#### WORK ORDER
Restate each line below word for word, skipping every picture.

DATASET EXCERPT: Begin

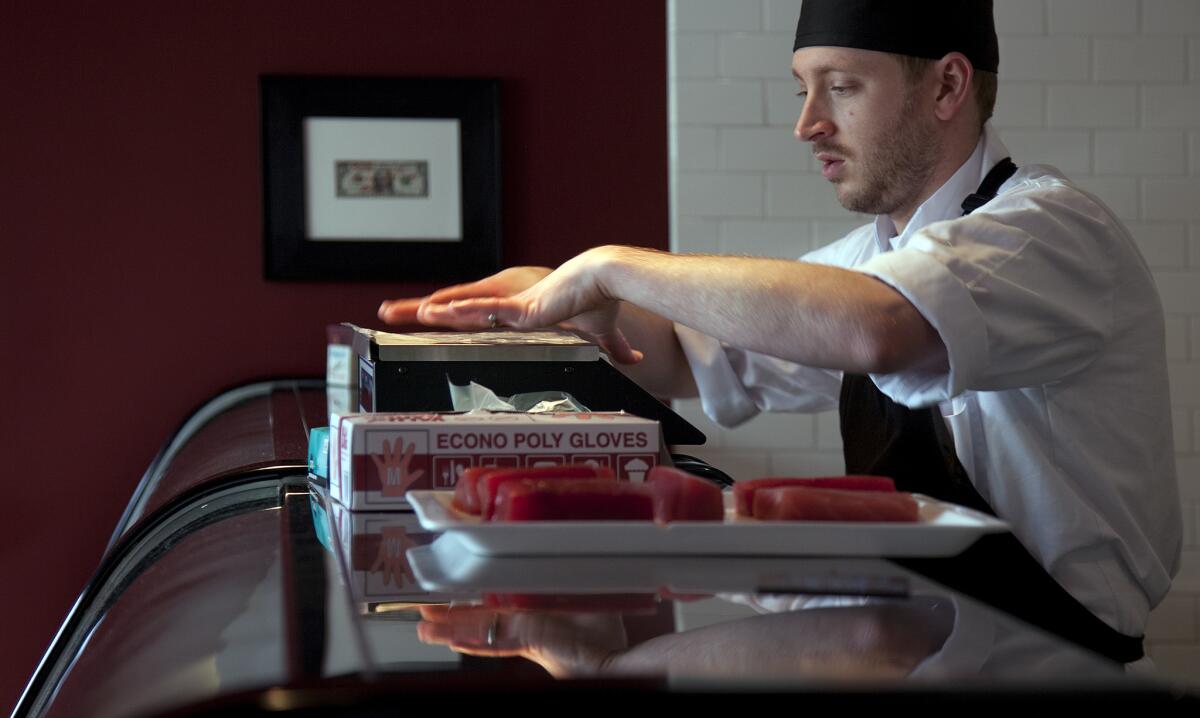 Nathan McCall prepares to weigh tuna steaks for a customer at his McCall's Meat & Fish Co. on Hillhurst in Los Feliz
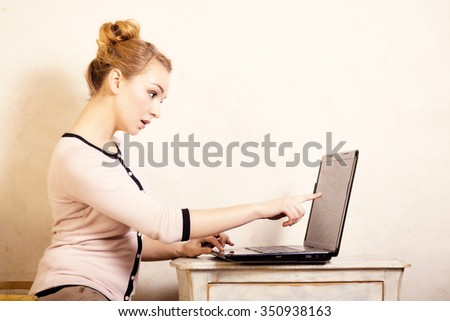 Technology internet modern lifestyle. Young businesswoman woman student girl working on computer laptop touching screen. Business at home.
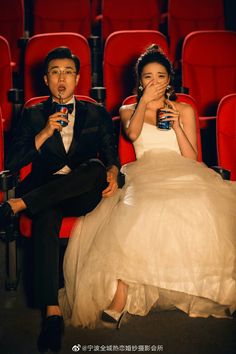 a man and woman sitting on red chairs in front of an empty theater with drinks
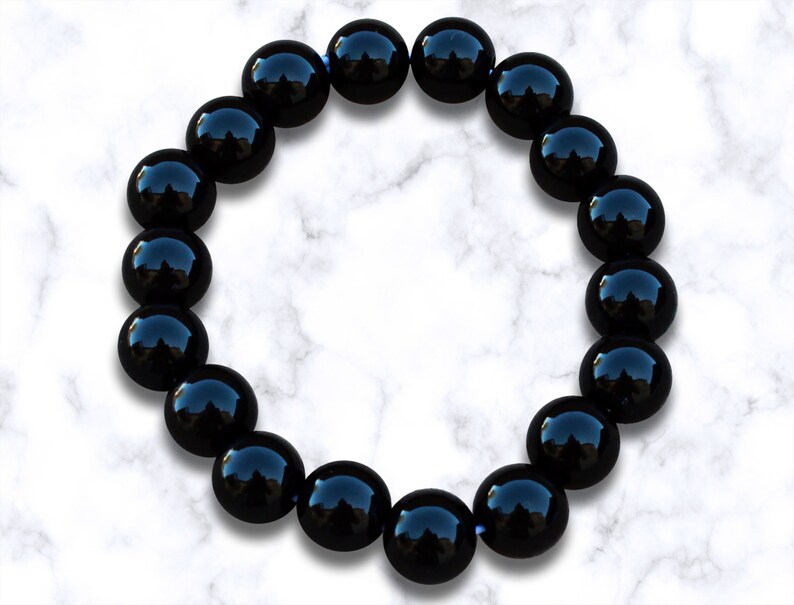 May include: A black beaded bracelet with shiny, round beads. The bracelet is made of natural black onyx stones.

DATASET EXCERPT: End

#### ANSWER BELOW
 Nathan McCall prepares to weigh tuna steaks for a customer at his McCall's Meat & Fish Co. on Hillhurst in Los Feliz
 Technology internet modern lifestyle. Young businesswoman woman student girl working on computer laptop touching screen. Business at home.
 a man and woman sitting on red chairs in front of an empty theater with drinks
 May include: A black beaded bracelet with shiny, round beads. The bracelet is made of natural black onyx stones.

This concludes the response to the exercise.